In an interview with Expression Interrupted, imprisoned Kurdish journalist Abdurrahman Gök said that he had been arrested because of his documentation of the police shooting of Kemal Kurkut during the 2017 Newroz celebrations. The next hearing in Gök’s case will be on 5 December in Diyarbakır (Amed).
Mezopotamya Agency editor Gök was one of the journalists sent to prison awaiting trial after mass arrests of pro-Kurdish circles across the country in the run-up to the first round of general elections in May, in which President Recep Tayyip Erdoğan secured another term. The next hearing of the case against him will be held on 5 December in Diyarbakır (Amed).
The indictment against the journalist cites books that can be legitimately ordered online, the social security registration entered for him by the institution he works for and photographs he took in northern Syria as evidence of his alleged “membership of an illegal organisation”.
Gök’s detention: A chronicle of threats and intimidation following exposé of police shooting
Gök has been a journalist for nearly 20 years, but the public knows him primarily for the photographs he took in 2017, documenting the shots Turkish police fired at 23-year-old Kemal Kurkut, killing the young Kurd as he was joining the Newroz celebrations.
The governor at the time said Kurkut had been wielding a knife at the police checkpoint on the way to the area the festival was taking place. Police officers claimed the young man had been a suicide bomber.
Gök’s series of photographs showed Kurkut, topless and holding a water bottle in one hand and an object that may or may not have been a knife in the other, running along with his back turned to the police, and collapsing shortly after, having been shot in the back.
Two officers were investigated for the death of the university student, but were acquitted in 2022.
“After publishing these photographs, I was subjected to many threats, from physical surveillance to technical surveillance, from anonymous phone calls to house raids. I was repeatedly arrested. Now, finally, I have been remanded in custody,” Gök said.
In 2022, Gök was sentenced to 18 months and 22 days in prison for these photographs. His lawyers stated that they would take the case to appeal.

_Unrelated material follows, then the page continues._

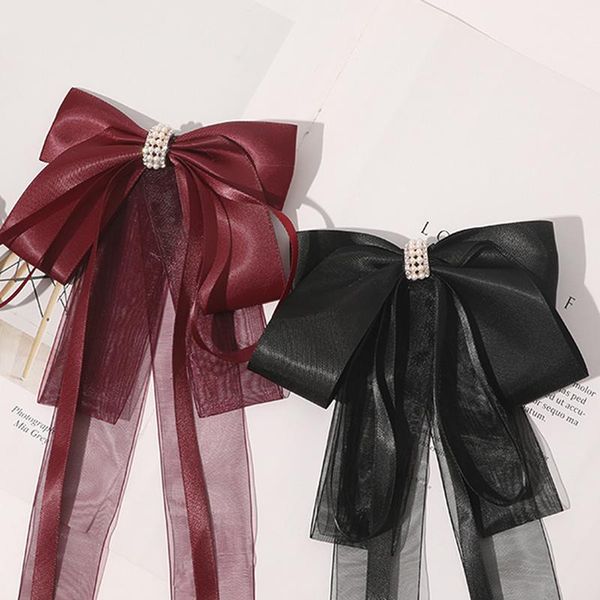 hair accessories vintage black big large polyester bow clip women girls wedding long ribbon korean hairpins barrette solid
hair accessories vintage black big large polyester bow clip women girls wedding long ribbon korean hairpins barrette solid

“After the Kemal Kurkut photograph was published, the police raided my house. Since I was at work, I went to the police station afterwards and gave my statement. I was told that someone had informed on me. I didn’t know the details. Then it resulted in non-prosecution. I was called to testify on that same case again in 2017, the same year. In October 2018, the police raided my house again. I was released three days later after giving a statement at the police station,” Gök said.
When the police officer who shot Kurkut was acquitted after the trials, a new indictment was lodged against Gök. This time the prosecution demanded up to 22 and a half years in prison. The indictment was based entirely on his journalistic activities. He was tried without detention, on the basis of an indictment consisting of news reports and photographs and the testimony of a secret witness. The prosecution claimed that Gök had taken the photographs in question “on the instructions of the organisation”.
Gök the journalist
Gök has spent the last 12 years of his more than 20 years of journalism in conflict zones, travelling to Syria in 2011 to follow the civil war, following ISIS attacks against Sinjar (Shengal) in northern Iraq and Kobani (Kobanê) in Syria in 2014, and following the campaign against ISIS in Raqqa in 2016-17. Gök, who also covered the nationwide protests that started with the death of Jîna Mahsa Amini in Iran, said that all these were quite challenging processes, adding:
“However, when your news stories help people with their problems, you also cope with your own traumas. When you do human-oriented, nature-oriented journalism, when you focus on human stories, you actually contribute to the solution of many problems.”
Gök, who has now been behind bars for seven months, said that every time he watched TV he wished he was in Gaza, and that he also wanted to report on Turkey’s attacks on Kurdish-controlled areas in North and East Syria.
“When I don’t see [the attacks on North and East Syria] on TV or in the newspapers, I realise why I am in prison,” Gök said, pointedly.
The journalist said that he spends a lot of his time in prison reading, adding that he does not have access to opposition newspapers and television channels and can only get news from sources that praise the government.